Long story, but my brother and his wife currently have guardianship of their grandchildren by her son. Life for them since last year has been one big roller coaster of love and chaos as they settle into parenting little ones again. But despite the challenges, they are organized enough to take long road trips to visit us and provide themselves with a little change of scenery—and a few more adults to help—for a few days from time to time. This visit their son (not the children’s parent) and his fiancée were able to come along, too, and provide a few more helping hands.

Can you say full house? Even when we weren’t all busy looking for kids’ shoes and cups and the grandparents busy changing diapers and rocking little ones to sleep, we still had to figure out how to schedule all our showers and get something to eat that would work for everyone.

In the midst of baseball games, mountain train and car trips, and visits to the park, I had a birthday, too. We managed to celebrate my day, as well as my kids’ (earlier) birthdays with one big family get-together in Sherman’s parents’ much bigger back yard. Thanks to Sherman’s brothers and their rental company, Allwell Rents, we even had enough tables, chairs, dishes, glasses, silverware, and linens—as well as a Sno Cone machine, which was a big hit with all the little boys.

After all our guests left our home the next morning, I surveyed the damage but didn’t find much. Other than disinfecting tables and chairs and washing towels and sheets, we didn’t have much extra work to do. As crazy as their visits are, it is well worth it to see my family and to get to know these little boys who are the apples of their grandparents’ eyes despite all the extra work. No, my sister-in-law doesn’t drive the sports car she once envisioned and my brother doesn’t get to keep his shirts as clean as he’d like, but they do get a lot of (sticky) hugs and kisses every day. What they do matters very much—to these boys and to the people who will encounter those boys as they grow into young men.

Though our home officially houses four adults in the summers, it is mostly quiet because our kids are busy working, going to school, socializing, and taking their own road trips. We don’t do this kind of busy very often.

Which, combined with our recent family fun, might explain why I felt a little overwhelmed by the thousands of people at Wednesday’s Independence Eve Celebration in Denver’s Civic Center Park. The next day, in pursuit of a more solitary activity, Sherman and I headed into Staunton Ranch Colorado State Park for a holiday hike—as did everyone and his/her dog it seemed. The brand new beautiful park was quite popular!

If we wanted solitary, we were going to have to find it at home—which we did.
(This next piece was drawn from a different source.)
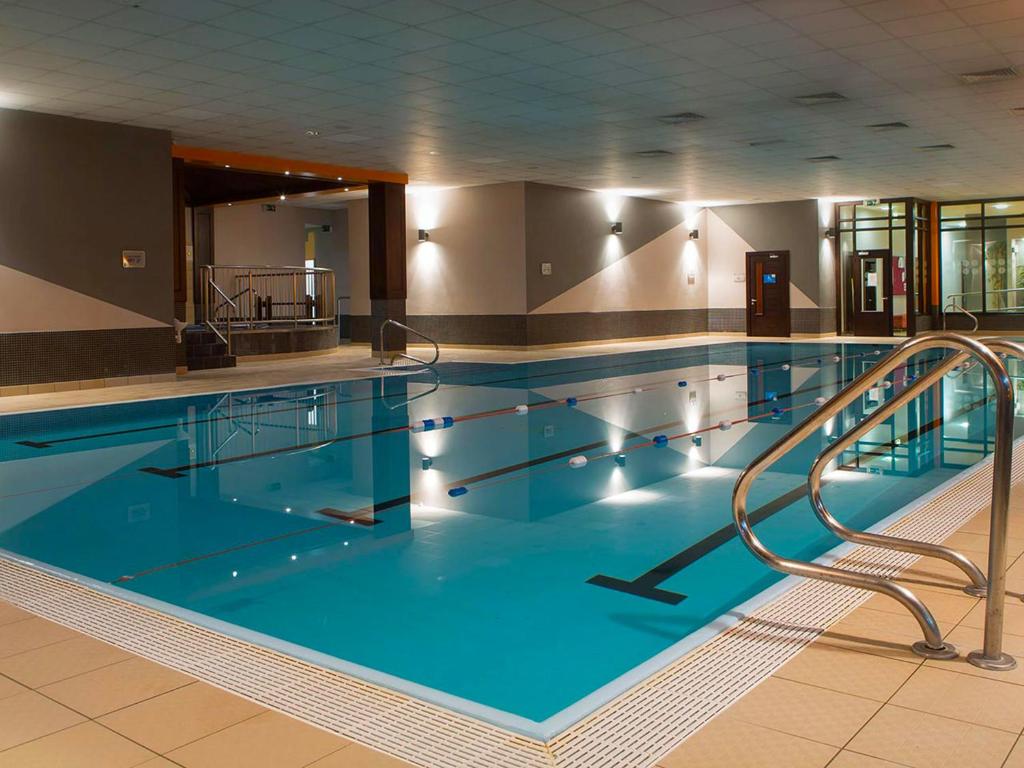 Claregalway Hotel pool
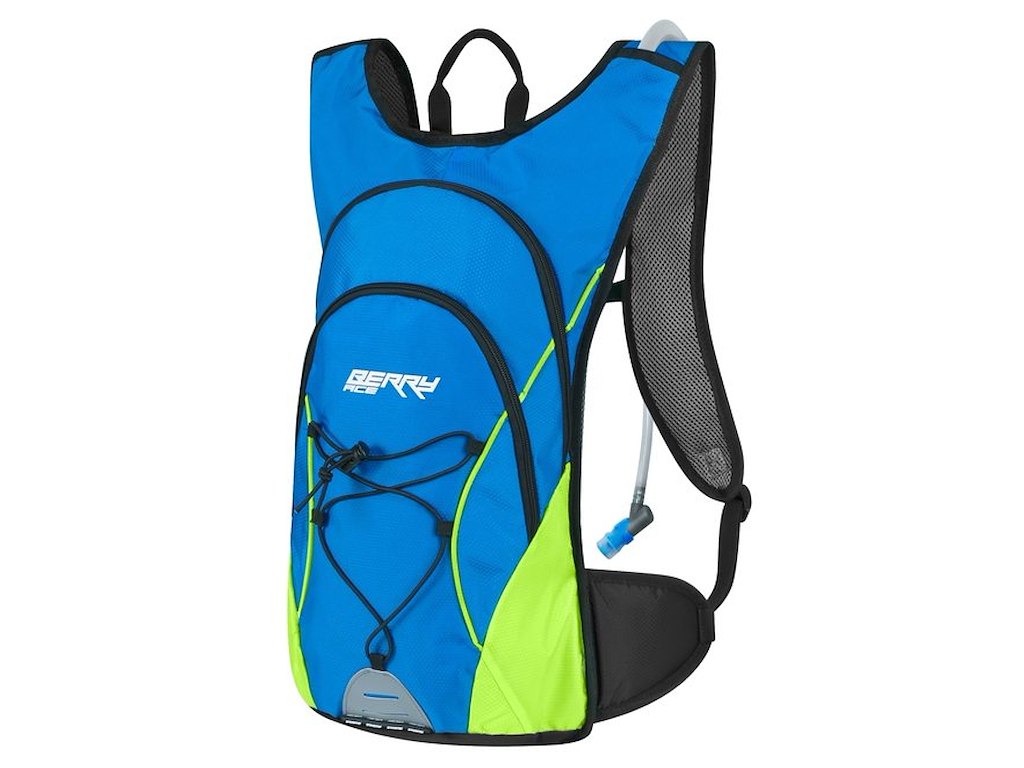 Force Berry Pro Ace Plus Rygsæk 12l Reservoir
Other than the oohs and ahs we heard from other backyards, we felt alone in the dark while sitting on the still sun-warmed sidewalk where we watched to the east. One show over, we stood and became transfixed by another show lighting up the skies to the south. Being by ourselves felt good for the night.
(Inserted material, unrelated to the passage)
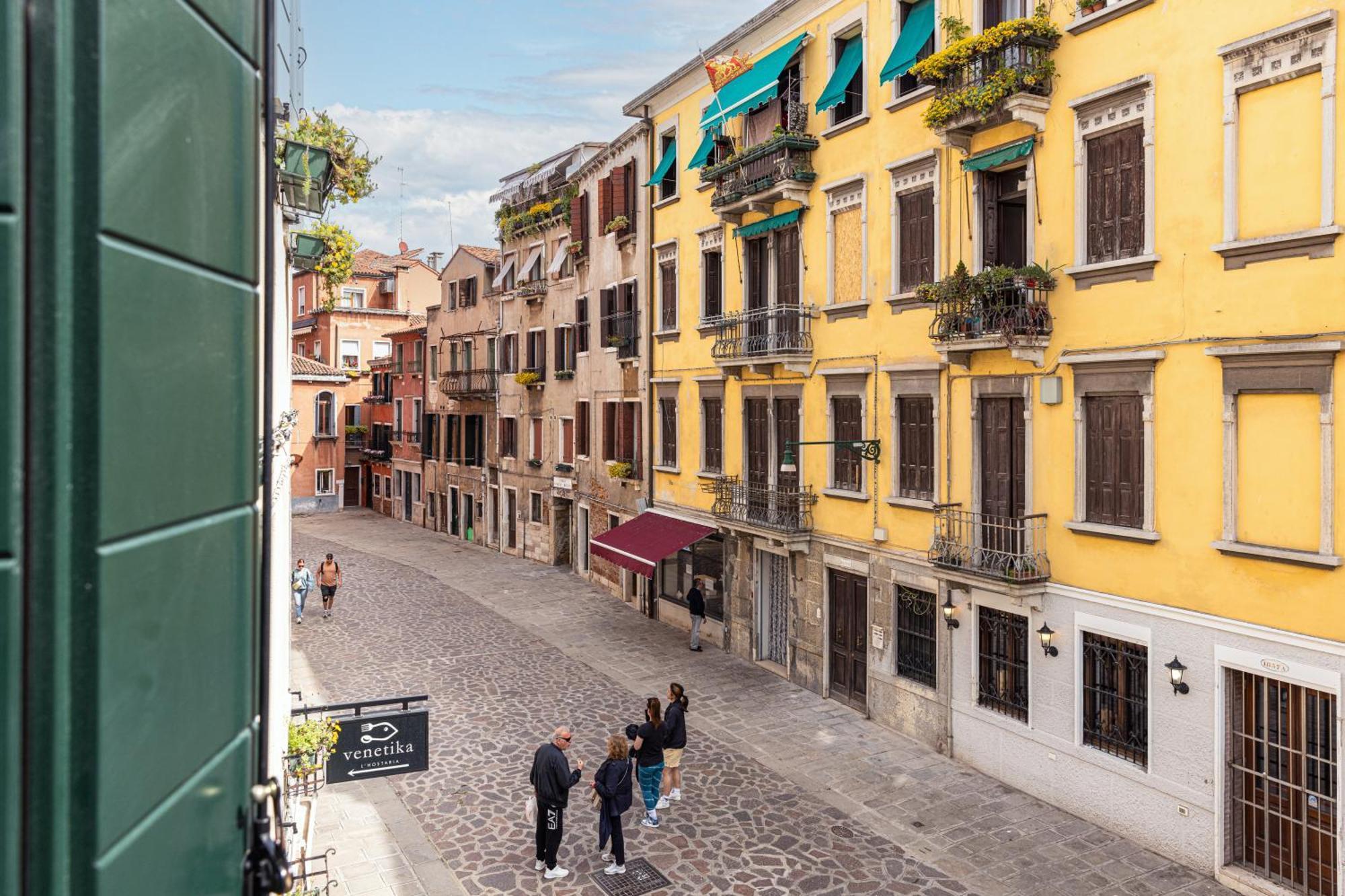 Antico Portego 2* Venezia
But in the end, I’m glad we’re not really alone—especially in our times of need. Quiet, still, and apart or loud, crazy busy, and together, we are family—as were so many of those other people we encountered listening to the symphony and enjoying the concert’s light show and fireworks on Wednesday or out hiking Thursday afternoon or responding in unison at each new burst of color and light Fourth of July night. Despite the messiness, our connections make us human.